AI in the phone is about changing the background of a photo or using AI to map out a journey. AI in the network is more about how the network performs to make the handset work better or to save energy by turning down base stations in off-peak hours, said Recon Analytics analyst Daryl Schoolar.

“Because they do two different things, you’re going to want AI in both places,” he said. “Just because I put salt in my salad doesn’t mean I’m not going to put salt on my French fries.”

 
“Just because I put salt in my salad doesn’t mean I’m not going to put salt on my French fries."
Daryll Schoolar, Analyst, Recon Analytics

The sales pitch he’s heard for putting GPUs in the base station is it’s a more efficient way of doing the processing for 5G Massive MIMO in mid-band spectrum than Intel’s solution.

Prospects for the RAN

In terms of Nvidia’s broad designs on the RAN market, it’s competing with the likes of Intel, Qualcomm, Marvell and Huawei, as well as custom silicon manufacturers, like the startup EdgeQ that's currently focused on small cells, Chua said. However, Nvidia is touting its GPU as more general purpose and not only able to serve specialized RAN functions and any AI-driven optimizations, but also double as additional computing power for other AI workloads, he said.

“The reality is that AI acceleration will be needed on the handset, in the RAN, and upstream of that as well,” Chua said. “The AI accelerators will power predictive AI models to optimize resource utilization (spectrum, power), improve quality of service and overall reliability.
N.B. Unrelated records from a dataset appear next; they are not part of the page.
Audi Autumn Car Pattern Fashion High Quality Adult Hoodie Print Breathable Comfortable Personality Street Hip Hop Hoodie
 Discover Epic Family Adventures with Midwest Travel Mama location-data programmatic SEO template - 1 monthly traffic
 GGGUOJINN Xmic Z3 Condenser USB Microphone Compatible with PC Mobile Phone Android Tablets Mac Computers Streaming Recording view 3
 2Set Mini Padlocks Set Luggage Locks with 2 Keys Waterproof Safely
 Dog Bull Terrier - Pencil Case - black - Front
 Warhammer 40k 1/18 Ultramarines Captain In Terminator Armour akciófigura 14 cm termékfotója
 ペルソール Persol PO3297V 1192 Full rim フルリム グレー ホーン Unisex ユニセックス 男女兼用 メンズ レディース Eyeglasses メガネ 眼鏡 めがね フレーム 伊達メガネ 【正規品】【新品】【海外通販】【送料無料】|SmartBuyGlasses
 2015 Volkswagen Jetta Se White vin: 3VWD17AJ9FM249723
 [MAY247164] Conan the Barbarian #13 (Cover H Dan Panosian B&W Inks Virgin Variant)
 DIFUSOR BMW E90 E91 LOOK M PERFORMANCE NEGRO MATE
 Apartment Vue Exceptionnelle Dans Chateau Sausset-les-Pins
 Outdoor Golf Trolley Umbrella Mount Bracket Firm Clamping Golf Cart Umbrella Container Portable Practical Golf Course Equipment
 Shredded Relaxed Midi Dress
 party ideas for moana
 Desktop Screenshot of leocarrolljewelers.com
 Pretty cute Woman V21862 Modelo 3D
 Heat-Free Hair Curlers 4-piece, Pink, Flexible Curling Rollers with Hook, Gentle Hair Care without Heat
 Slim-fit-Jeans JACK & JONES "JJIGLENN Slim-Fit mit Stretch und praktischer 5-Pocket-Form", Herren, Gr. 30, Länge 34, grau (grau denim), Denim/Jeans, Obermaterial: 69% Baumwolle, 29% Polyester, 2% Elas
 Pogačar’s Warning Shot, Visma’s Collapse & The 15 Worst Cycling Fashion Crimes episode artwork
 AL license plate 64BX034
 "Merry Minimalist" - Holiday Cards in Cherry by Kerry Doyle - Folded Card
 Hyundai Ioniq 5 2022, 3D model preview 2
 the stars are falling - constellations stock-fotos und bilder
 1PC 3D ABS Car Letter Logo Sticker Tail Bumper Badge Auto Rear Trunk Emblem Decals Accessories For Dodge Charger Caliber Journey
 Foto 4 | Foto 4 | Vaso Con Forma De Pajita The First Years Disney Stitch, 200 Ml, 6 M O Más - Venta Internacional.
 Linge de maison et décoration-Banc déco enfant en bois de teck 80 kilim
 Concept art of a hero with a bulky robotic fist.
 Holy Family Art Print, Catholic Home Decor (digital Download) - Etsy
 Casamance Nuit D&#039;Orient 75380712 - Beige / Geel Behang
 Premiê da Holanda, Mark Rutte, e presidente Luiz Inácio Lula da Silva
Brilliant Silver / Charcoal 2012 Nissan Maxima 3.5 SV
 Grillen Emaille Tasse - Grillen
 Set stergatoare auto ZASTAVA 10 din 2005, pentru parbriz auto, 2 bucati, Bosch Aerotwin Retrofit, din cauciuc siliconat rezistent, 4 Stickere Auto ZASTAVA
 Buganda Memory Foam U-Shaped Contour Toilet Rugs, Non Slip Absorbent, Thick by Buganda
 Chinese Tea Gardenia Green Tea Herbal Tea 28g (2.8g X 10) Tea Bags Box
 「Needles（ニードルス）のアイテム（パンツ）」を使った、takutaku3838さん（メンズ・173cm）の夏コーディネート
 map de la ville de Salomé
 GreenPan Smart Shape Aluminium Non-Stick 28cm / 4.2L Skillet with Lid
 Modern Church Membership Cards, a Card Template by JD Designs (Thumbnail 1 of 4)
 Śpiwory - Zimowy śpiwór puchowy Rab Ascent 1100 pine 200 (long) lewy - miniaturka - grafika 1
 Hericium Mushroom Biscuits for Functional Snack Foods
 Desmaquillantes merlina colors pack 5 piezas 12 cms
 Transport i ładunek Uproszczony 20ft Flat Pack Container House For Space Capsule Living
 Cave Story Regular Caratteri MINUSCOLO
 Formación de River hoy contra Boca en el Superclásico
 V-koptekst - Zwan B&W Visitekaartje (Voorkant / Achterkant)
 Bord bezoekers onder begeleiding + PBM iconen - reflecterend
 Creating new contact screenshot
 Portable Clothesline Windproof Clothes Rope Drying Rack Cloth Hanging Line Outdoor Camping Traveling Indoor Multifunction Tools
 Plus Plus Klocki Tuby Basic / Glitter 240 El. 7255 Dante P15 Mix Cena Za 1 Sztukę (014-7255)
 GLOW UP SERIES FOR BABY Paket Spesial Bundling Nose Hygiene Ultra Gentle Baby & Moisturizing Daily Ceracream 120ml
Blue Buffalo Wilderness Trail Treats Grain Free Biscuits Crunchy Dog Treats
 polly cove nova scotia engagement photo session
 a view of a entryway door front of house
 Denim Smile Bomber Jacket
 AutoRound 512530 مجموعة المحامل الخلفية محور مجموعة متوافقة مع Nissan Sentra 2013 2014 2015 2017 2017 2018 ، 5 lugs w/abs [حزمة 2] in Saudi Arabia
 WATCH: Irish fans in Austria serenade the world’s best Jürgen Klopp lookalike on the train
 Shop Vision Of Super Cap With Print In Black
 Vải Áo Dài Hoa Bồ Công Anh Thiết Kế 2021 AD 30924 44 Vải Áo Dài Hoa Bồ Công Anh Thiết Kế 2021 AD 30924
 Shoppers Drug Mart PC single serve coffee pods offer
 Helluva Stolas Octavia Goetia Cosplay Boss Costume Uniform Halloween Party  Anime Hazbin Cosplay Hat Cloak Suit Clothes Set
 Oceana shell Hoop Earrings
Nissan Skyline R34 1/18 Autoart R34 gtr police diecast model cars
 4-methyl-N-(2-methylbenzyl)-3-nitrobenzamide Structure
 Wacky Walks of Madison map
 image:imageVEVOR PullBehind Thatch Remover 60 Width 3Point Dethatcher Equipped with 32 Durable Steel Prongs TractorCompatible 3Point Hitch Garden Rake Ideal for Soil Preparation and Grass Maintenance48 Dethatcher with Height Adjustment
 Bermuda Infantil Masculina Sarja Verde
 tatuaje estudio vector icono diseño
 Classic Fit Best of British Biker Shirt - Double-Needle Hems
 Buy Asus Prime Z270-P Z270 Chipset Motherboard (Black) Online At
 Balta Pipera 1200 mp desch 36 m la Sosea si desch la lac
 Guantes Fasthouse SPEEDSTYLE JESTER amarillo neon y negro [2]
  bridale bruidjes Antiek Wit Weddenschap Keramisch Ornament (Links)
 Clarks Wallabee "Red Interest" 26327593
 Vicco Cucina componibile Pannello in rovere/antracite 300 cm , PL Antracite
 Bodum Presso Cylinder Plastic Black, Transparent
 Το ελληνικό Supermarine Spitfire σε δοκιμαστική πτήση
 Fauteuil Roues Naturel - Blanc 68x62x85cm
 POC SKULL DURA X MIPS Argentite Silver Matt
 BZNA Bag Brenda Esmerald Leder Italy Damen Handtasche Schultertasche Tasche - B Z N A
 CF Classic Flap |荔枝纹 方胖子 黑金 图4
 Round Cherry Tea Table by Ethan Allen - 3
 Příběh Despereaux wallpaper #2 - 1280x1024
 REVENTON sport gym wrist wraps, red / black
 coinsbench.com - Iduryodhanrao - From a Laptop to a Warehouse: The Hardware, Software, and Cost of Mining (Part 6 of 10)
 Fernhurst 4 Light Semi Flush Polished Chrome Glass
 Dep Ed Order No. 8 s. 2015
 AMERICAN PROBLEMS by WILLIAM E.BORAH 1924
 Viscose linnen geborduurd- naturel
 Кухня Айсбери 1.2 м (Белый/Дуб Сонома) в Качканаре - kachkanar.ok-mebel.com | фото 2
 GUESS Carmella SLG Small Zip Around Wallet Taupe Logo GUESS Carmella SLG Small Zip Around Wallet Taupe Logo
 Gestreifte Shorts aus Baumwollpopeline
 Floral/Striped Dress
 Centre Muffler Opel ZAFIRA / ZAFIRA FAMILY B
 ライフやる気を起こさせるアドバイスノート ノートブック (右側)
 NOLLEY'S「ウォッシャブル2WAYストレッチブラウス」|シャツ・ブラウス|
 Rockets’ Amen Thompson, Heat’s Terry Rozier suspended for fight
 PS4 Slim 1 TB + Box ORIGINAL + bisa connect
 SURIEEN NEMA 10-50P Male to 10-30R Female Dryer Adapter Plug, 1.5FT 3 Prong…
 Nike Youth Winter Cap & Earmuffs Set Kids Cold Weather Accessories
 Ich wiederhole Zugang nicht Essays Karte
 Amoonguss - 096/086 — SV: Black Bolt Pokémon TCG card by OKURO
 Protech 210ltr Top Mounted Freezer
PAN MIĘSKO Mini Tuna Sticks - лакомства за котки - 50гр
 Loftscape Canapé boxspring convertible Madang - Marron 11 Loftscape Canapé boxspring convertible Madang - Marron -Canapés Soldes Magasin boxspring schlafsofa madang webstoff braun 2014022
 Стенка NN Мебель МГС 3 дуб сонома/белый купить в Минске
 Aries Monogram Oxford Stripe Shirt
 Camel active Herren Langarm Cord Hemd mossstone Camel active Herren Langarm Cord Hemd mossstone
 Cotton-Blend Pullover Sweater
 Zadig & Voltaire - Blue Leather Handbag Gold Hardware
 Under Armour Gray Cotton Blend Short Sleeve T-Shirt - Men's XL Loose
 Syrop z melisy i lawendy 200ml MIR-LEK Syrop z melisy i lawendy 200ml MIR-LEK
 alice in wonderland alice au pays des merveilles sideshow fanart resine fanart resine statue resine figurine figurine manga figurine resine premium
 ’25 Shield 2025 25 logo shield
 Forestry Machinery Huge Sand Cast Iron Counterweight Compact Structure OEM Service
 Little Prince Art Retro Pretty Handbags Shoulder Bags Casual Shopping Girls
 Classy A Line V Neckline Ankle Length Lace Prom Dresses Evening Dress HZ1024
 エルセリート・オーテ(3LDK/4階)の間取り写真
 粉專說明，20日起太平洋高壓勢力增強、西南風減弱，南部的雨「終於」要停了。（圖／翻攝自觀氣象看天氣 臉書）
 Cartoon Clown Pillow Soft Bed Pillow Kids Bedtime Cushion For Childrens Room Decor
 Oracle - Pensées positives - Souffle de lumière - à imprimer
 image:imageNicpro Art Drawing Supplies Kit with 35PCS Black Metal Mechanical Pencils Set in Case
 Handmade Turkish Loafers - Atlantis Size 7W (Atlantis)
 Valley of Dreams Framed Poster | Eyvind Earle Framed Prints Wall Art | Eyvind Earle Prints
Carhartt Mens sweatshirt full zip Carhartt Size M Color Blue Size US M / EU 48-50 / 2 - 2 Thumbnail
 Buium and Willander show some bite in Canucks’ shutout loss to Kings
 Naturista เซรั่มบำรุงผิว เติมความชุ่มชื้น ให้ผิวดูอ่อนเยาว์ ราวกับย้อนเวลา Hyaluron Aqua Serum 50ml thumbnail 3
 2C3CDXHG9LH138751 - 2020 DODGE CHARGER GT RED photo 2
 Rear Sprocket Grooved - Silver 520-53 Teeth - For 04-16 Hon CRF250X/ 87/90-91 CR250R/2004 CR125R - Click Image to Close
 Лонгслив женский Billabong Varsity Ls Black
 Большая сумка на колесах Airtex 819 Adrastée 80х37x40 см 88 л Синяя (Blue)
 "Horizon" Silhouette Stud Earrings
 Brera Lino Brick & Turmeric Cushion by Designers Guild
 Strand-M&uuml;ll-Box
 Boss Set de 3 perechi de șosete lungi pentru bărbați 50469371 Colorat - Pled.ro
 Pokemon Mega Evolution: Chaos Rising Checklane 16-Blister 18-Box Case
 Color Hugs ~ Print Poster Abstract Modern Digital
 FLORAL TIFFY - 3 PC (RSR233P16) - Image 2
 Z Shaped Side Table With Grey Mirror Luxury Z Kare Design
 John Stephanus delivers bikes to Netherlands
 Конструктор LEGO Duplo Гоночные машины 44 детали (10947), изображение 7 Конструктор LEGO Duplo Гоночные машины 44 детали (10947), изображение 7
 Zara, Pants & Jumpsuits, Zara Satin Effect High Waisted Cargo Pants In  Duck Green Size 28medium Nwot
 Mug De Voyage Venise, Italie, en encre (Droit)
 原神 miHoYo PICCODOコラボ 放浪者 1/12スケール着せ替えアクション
And similarly, the AI accelerators can be used for generative AI functions like image enhancement, voice processing, other content generation and enhancement, on-device reasoning and planning.”

However, some analysts question whether operators are ready to embrace Nvidia’s GPUs.

Joe Madden, chief analyst at Mobile Experts, said the Nvidia solution looks great from a technical point of view, “but I don’t think it fits the business model that the operators and hyperscalers prefer. Either the solution or the business model will need to evolve before it can get traction,” he told Fierce.